#### WORK TO COMPLETE:
Using the data below, print exactly the line with "auto tech teacher", the line with "eyes confused. Middle", and every line between them, but none of the pictures.

#### RECORDS FOR PROCESSING:
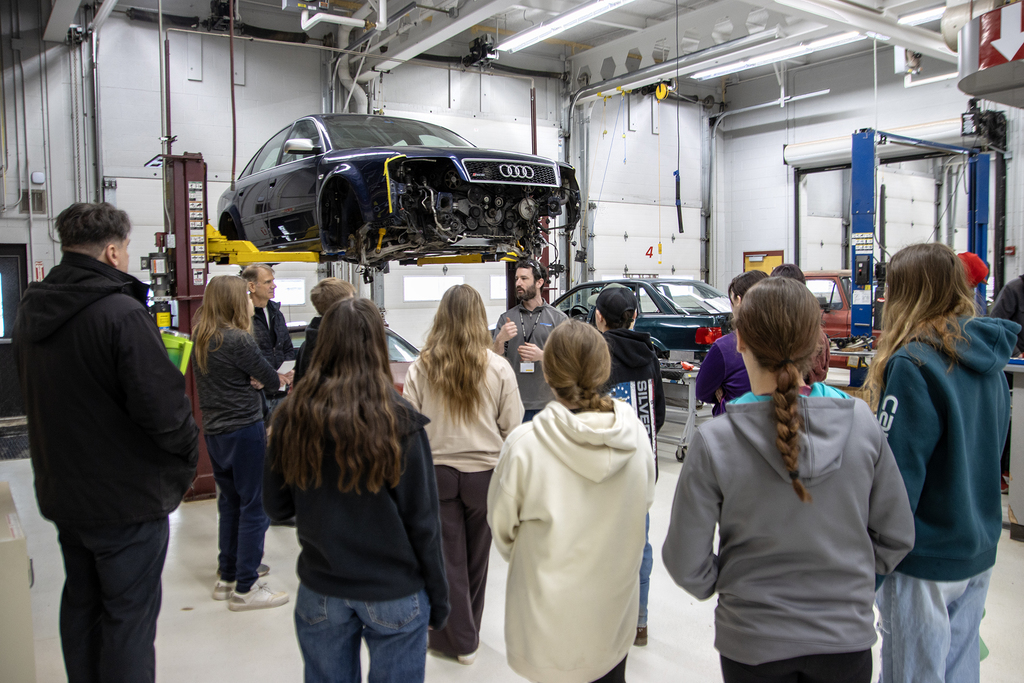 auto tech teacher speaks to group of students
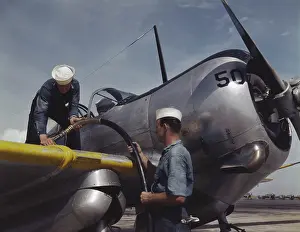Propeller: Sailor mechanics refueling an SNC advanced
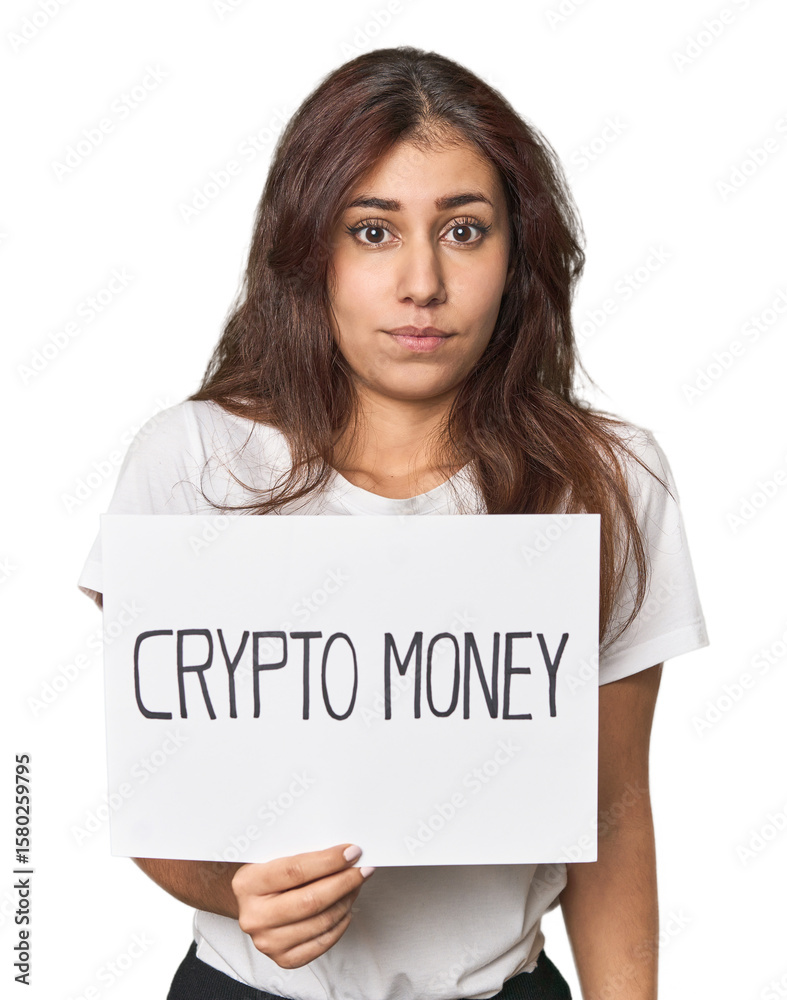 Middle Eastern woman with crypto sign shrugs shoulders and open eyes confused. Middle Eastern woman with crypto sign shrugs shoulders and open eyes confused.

* * *

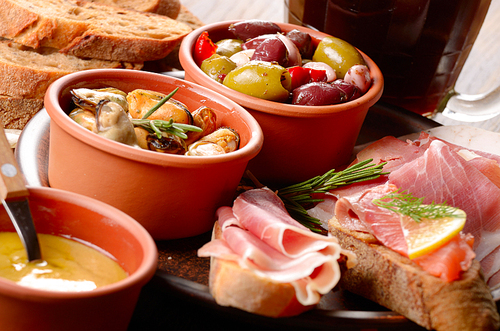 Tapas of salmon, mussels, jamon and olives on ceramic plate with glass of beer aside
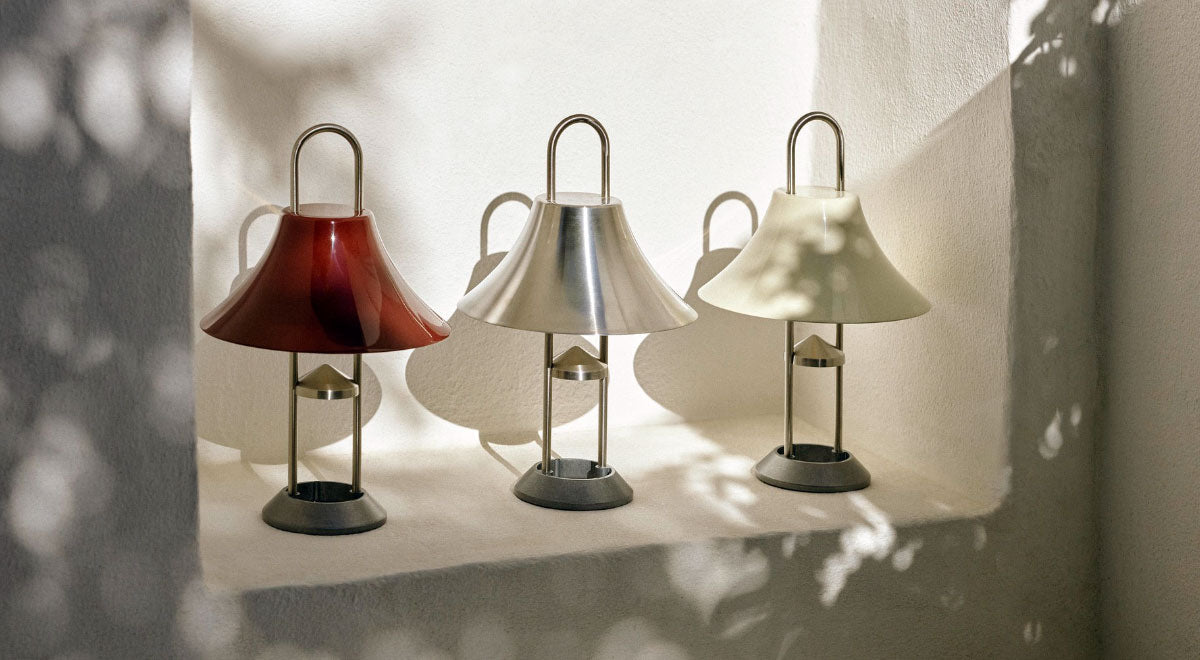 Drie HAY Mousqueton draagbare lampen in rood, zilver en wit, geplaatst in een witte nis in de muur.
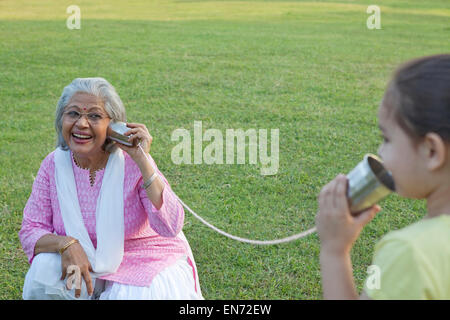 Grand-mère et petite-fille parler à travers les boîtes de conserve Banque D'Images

#### SOLUTION FOR THIS EXERCISE:
 auto tech teacher speaks to group of students
Propeller: Sailor mechanics refueling an SNC advanced
 Middle Eastern woman with crypto sign shrugs shoulders and open eyes confused. Middle Eastern woman with crypto sign shrugs shoulders and open eyes confused.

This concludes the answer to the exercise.